A DPA may be negotiated with a party where, broadly, there are reasonable grounds to believe that there is a realistic prospect of conviction and that entering into a DPA is in the public interest. However, before it can be finalised, the prosecutor must apply to the court for a declaration that entering into a DPA is likely to be in the interests of justice and that the proposed terms are fair, reasonable and proportionate. The prosecutor must 1 then make a further application to court for approval once the terms of the DPA are finalised.

The DPA approved last week is with a UK SME (“XYZ”) which has not been named due to ongoing legal proceedings. Investigations had revealed the systematic use of bribes, by a substantial proportion of the company’s agents, in obtaining contracts to supply the company’s products. Specifically, 28 contracts worth a total of over £17 million were implicated. XYZ was facing charges for conspiracy to corrupt and conspiracy to bribe under section 1 of the Criminal Law Act 1977 together with failing to prevent bribery under section 7 of the Bribery Act 2010 (“UKBA”). Under the DPA, XYZ is to pay £6,201,085 in disgorgement of profits and a £352,000 financial penalty.

The judgment is of particular interest for its comments about and emphasis on the significance of cooperation with the SFO. Despite commenting that “in terms of gravity, [the conduct] is of an entirely different order to that considered in SFO v Standard Bank,” where there was failure to prevent just a single instance of bribery, the judge was prepared to approve the DPA. He placed “very considerable weight” on the cooperation demonstrated by XYZ and commented that self-reporting and implementing effective compliance structures “must be rewarded and be seen to be worthwhile.”

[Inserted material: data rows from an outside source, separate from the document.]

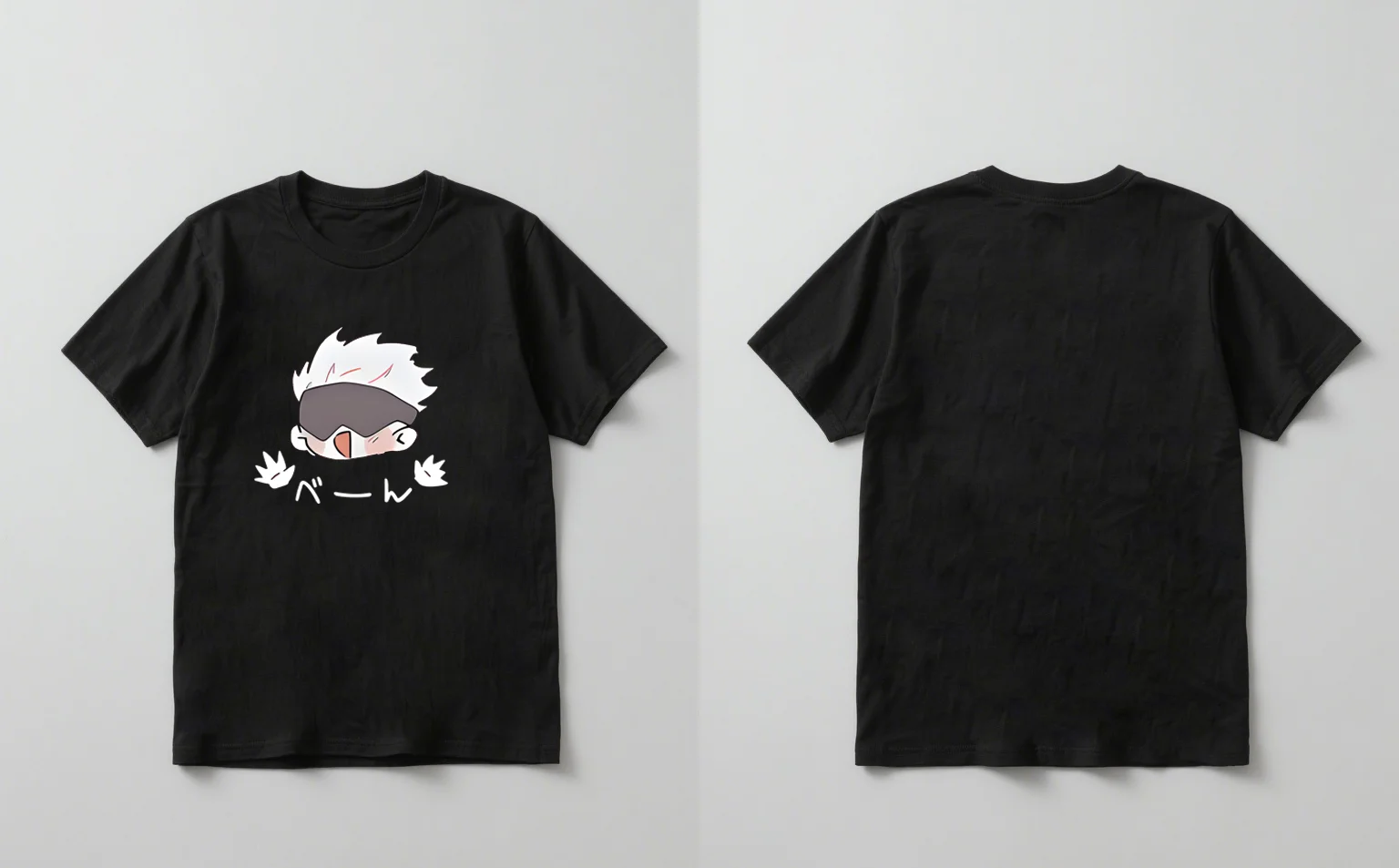 

The latest trendy and fashionable anime character printed T-shirt for men and women with a casual round-neck top in 2025
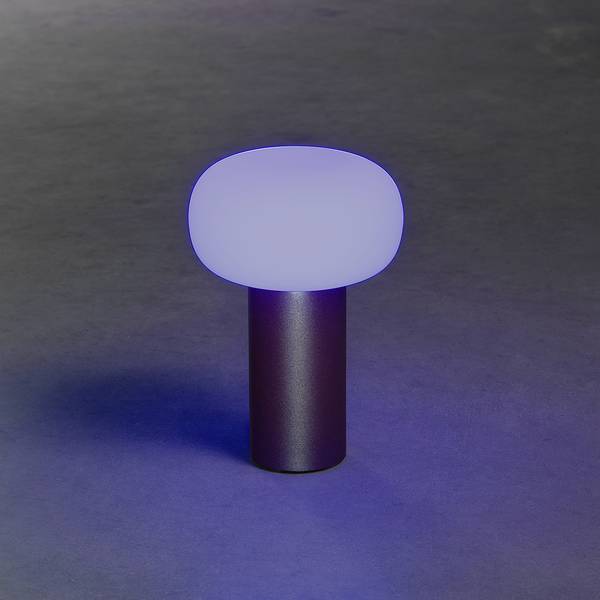 Lampe Antibes Aluminium / Verre opalin - 1 ampoule - Marron rouille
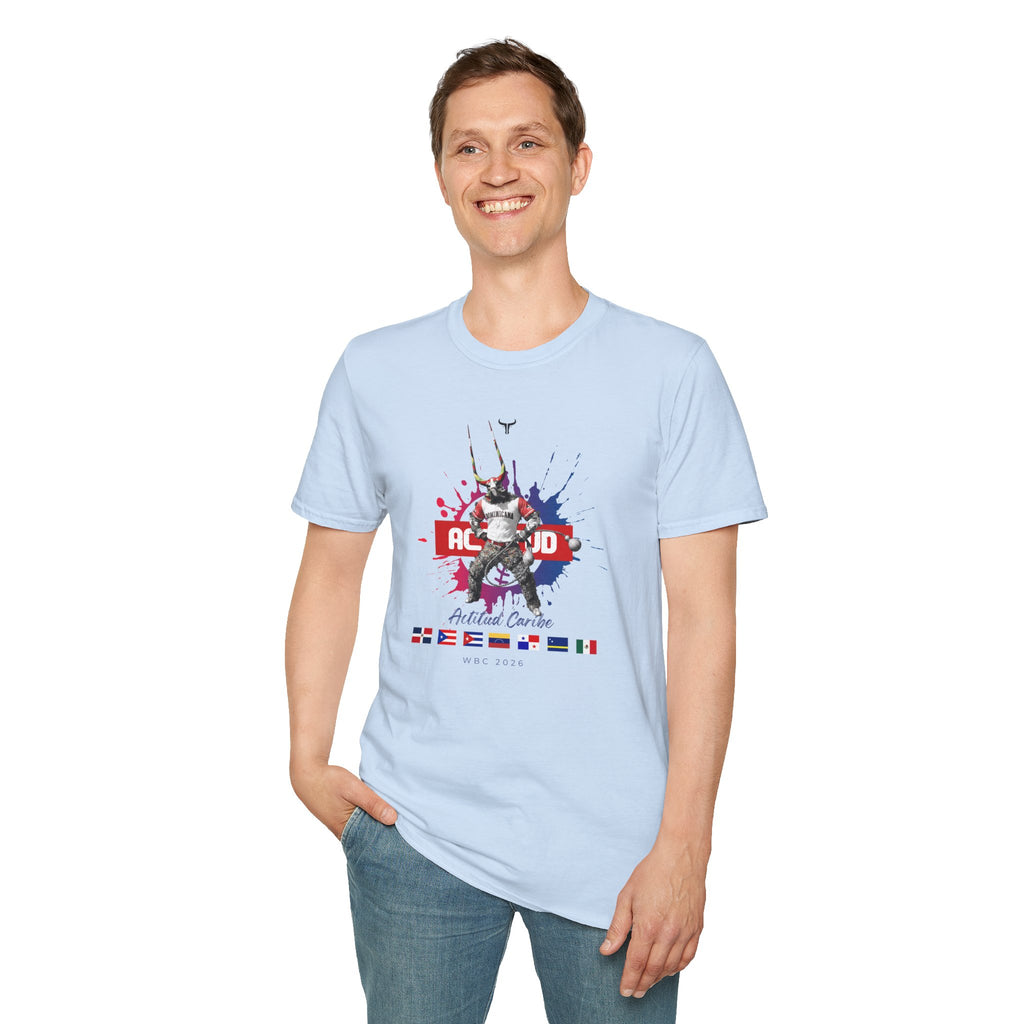 Diablo Cojuelo Carnaval T-Shirt — Actitud Caribe WBC 2026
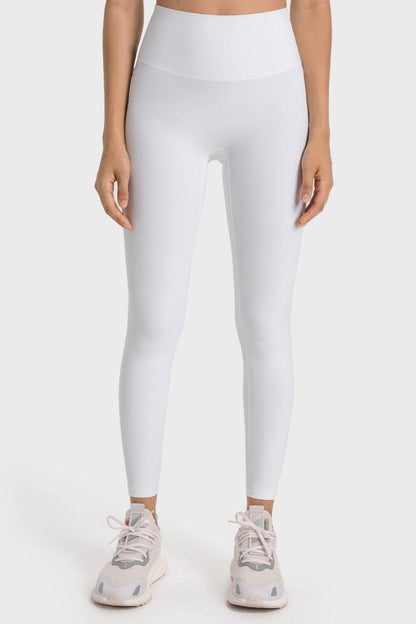 High-Rise Wide Waistband Yoga Leggings - Stellar Soul 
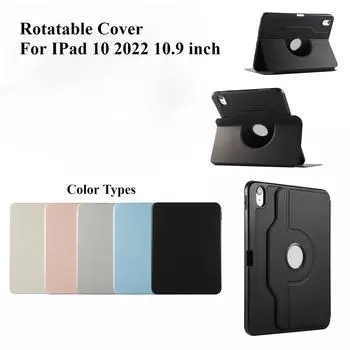 Чехол для iPad 10 2022 10,9 дюймов Funda Soft PU Leather Flip Rotate Covers для Apple iPad 10 2022 10,9 дюймов Чехол Защитная оболочка iPad 10 2022 10.9in белый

The Value of Cooperation With the SFO

The judge described XYZ as having pursued a “genuinely proactive approach to the wrongdoing it uncovered” which “militates very much in favour of finding that a DPA is likely to be in the interest of justice.” The subject of particular comment were—

  • The Timeline: Concerns had come to light in August 2012 and a law firm was retained to undertake an investigation in early September. An initial oral report not naming XYZ was made to the SFO within a month and a meeting with the SFO took place a month later at which the lawyers confirmed that a written report would be submitted by 31 January 2013. This report, providing “comprehensive information,” was based on the results of an extensive internal investigation. XYZ continued with its investigations following the initial report, identifying all 28 of the implicated contracts to the SFO.
  • Approach to witness evidence: The DPA Code of Practice provides that cooperation includes identifying witnesses, disclosing their accounts and making them available for interview. XYZ had provided oral summaries of interviewees’ initial accounts and facilitated the interview of employees. The question of what a defendant must disclose in relation to witness interviews and the extent to which it can claim privilege and still be deemed to be cooperating with the SFO has been the subject of some uncertainty.

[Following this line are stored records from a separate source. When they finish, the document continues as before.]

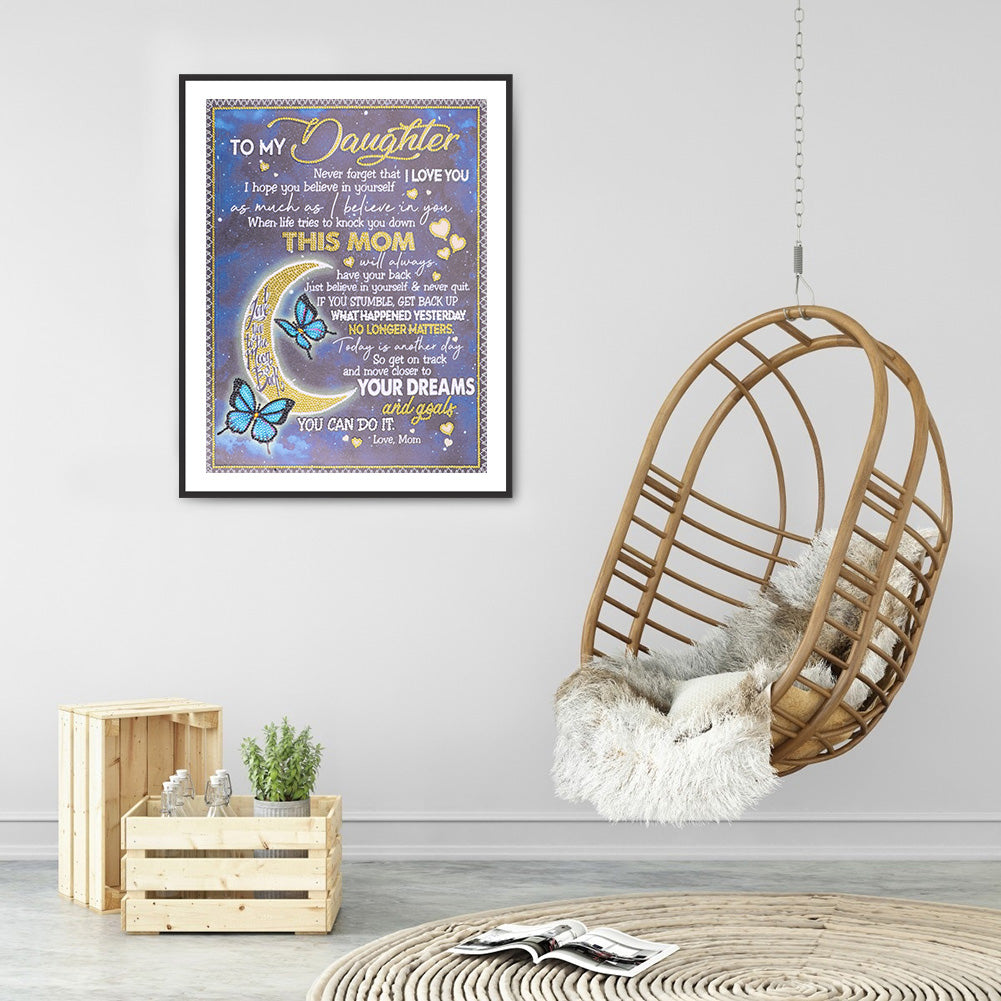 English Letter - Special Shaped Drill Diamond Painting 40*50CM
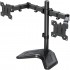 US Warehouse Monitor FreeStanding IN STOCK Up To 27 inches Dual Monitor Bracket Stand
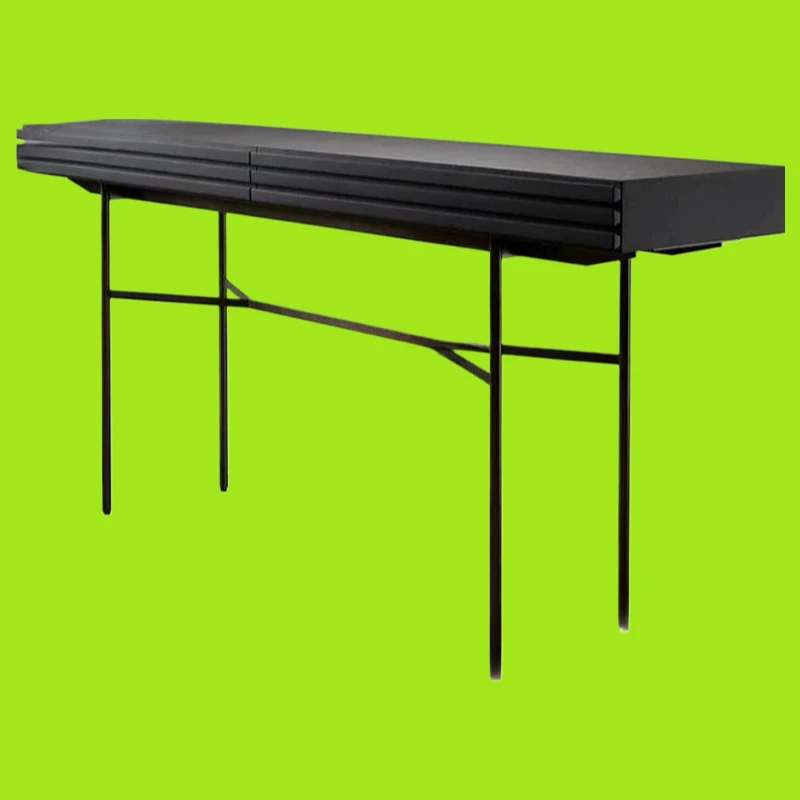

Italian Solid Wood Console Tables Hallway Porch Cabinet with Drawer Light Luxury Living Room Furniture Designer Home Side Table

The Importance of Remedial Action

As a further factor weighing in favour of the DPA being in the interests of justice, the judge noted that XYZ is “a culturally different company to that which committed the offences subject to the present DPA application.” In particular, XYZ had terminated two senior employees implicated in the conduct, severed ties with suspect agents and withdrawn from two suspect potential contracts.

The Role of XYZ’s Parent Company

The position of XYZ’s (US) parent company, ABC—which had purchased XYZ in 2000—may be of some interest. In particular, the judge noted that ABC had been “entirely ignorant” of the issues at XYZ and ABC’s conduct once those issues were discovered was “beyond reproach.” Referencing the possibility of a parent becoming liable under s.7 of the UKBA for conduct of its subsidiary, the judge described an extreme example where a parent had set up a subsidiary as a vehicle through which corrupt payments might be made.

ABC had received close to £2 million in dividends from XYZ, but had done so innocently. It volunteered to pay a sum reflecting this towards XYZ’s disgorgement obligation, but the judge specifically noted that there is no obligation on an innocent parent to take such a step.